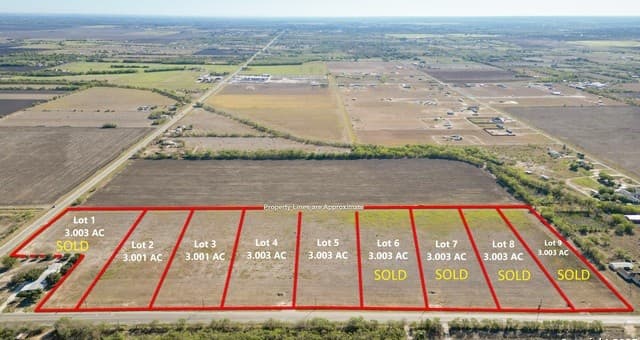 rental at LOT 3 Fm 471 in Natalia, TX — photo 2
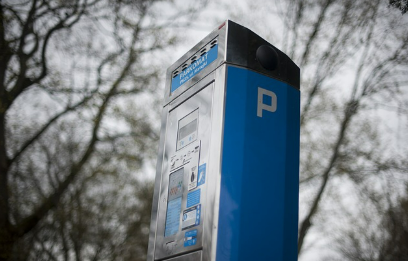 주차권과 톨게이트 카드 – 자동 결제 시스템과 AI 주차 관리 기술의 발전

--

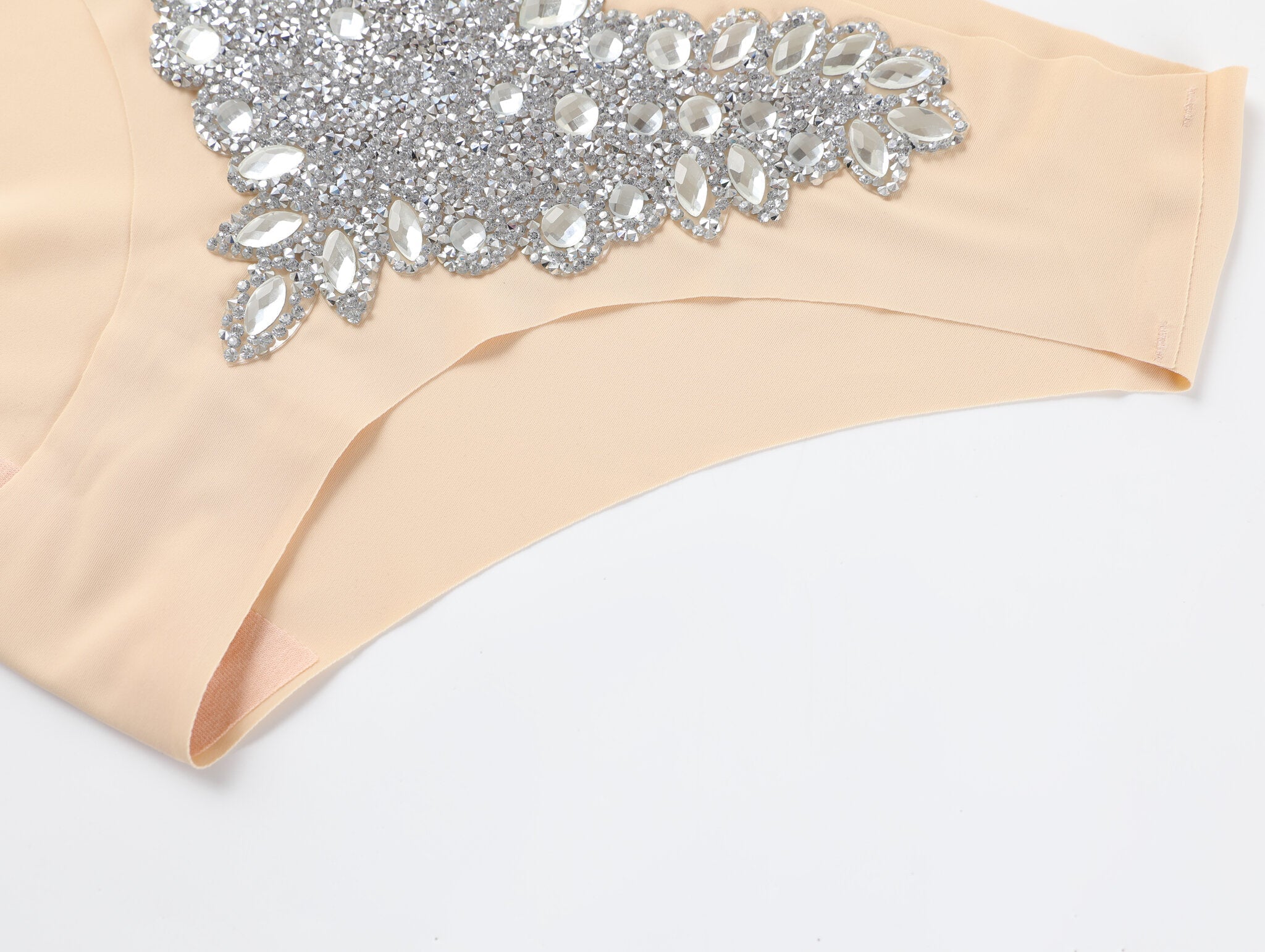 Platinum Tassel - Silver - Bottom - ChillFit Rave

* * *

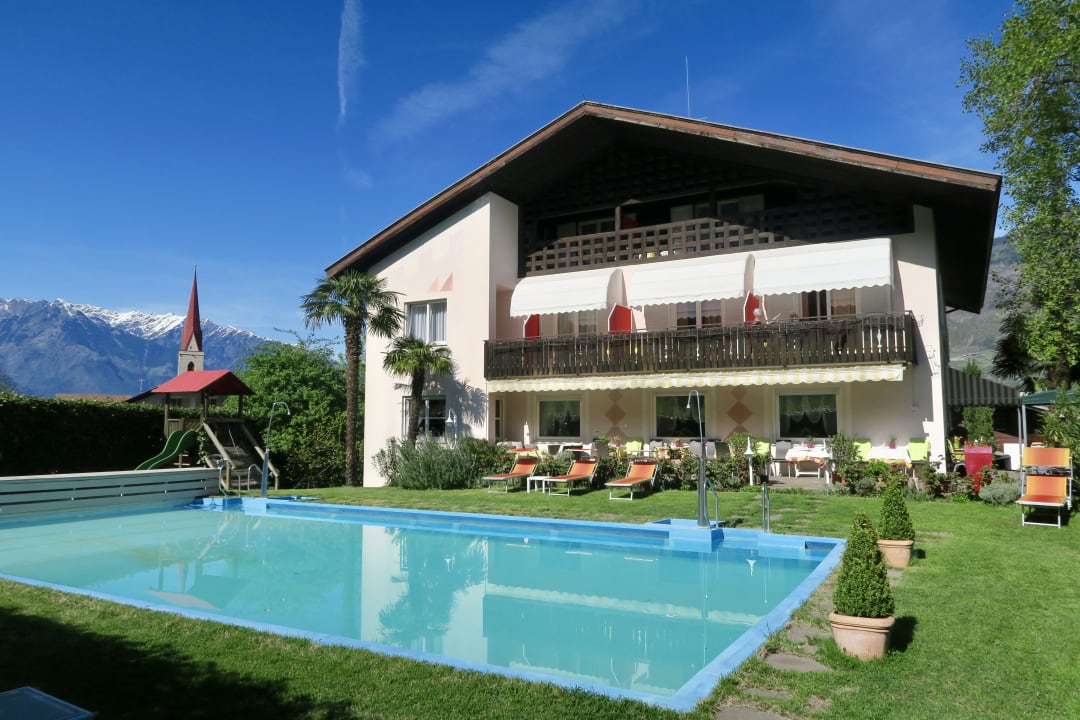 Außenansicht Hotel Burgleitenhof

▶ WORK ORDER
Extract the part of the records that opens with the line containing "rental at LOT" and closes with the line containing "주차권과 톨게이트 카드 – 자동 결제 시스템과 AI 주차 관리 기술의 발전". Take only those lines, exactly, and no pictures.

▶ OUTPUT OF THE EXERCISE
 rental at LOT 3 Fm 471 in Natalia, TX — photo 2
 주차권과 톨게이트 카드 – 자동 결제 시스템과 AI 주차 관리 기술의 발전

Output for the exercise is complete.